Database of protein sequences The Protein Databank (PDB) The Protein Databank is the main repository for protein structural information,three-dimensional structures are stored in the Protein Databank (PDB). This is the single world-wide archive of structural data derived by X- ray crystallography, nuclear magnetic resonance spectroscopy, and other techniques, as well as structural models. The database is maintained by the Research Collaboratory for Structural Bioinformatics (RCSB), at Rutgers University.

Database of protein sequences Molecular Modeling Database (MMDB) There are also other structural databases such as the NCBI’s Molecular Modeling Database (MMDB) which aims to provide information on sequence and structure neighbors, links between the scientific literature and 3D structures, and sequence and structure visualization.

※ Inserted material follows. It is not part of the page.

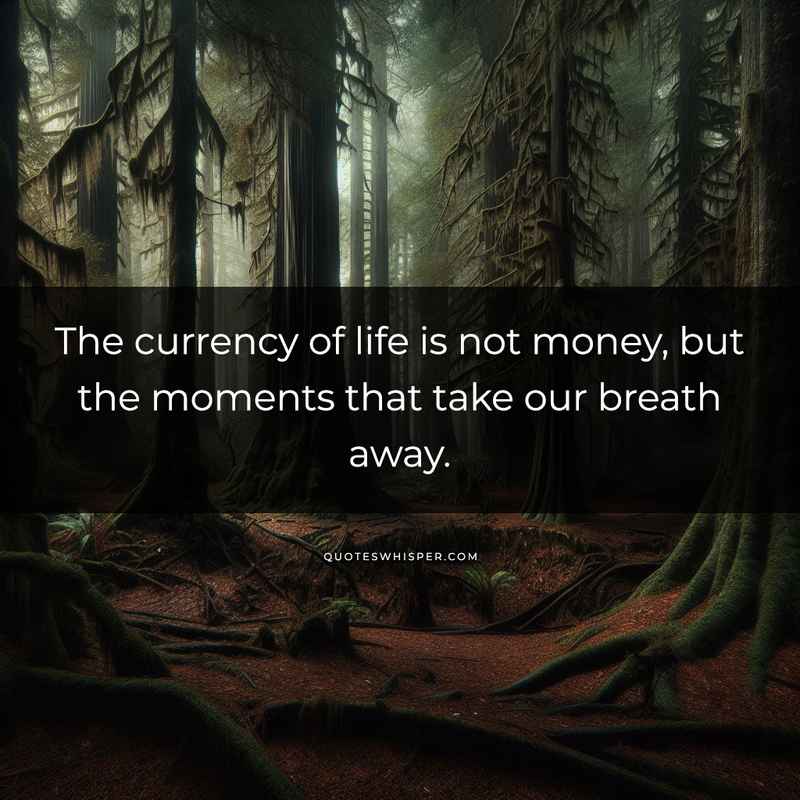 The currency of life is not money, but the moments that take our breath away.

Secondary Databases: Secondary databases contain the data that is obtained through the analysis or treatment of data present in primary databases. For instance, it can contain conserved protein sequence, signature sequence active site residues of protein families which are obtained from multiple sequence alignment of related proteins, etc. These databases can be further classified as metabolic pathways database, protein family database,etc. The most common examples are Class Architecture Topology Homology (CATH), Kyoto Encyclopedia of Genes Genomics (KEGG), Protein Families (Pfam) and Structural Classification of Proteins (SCOP).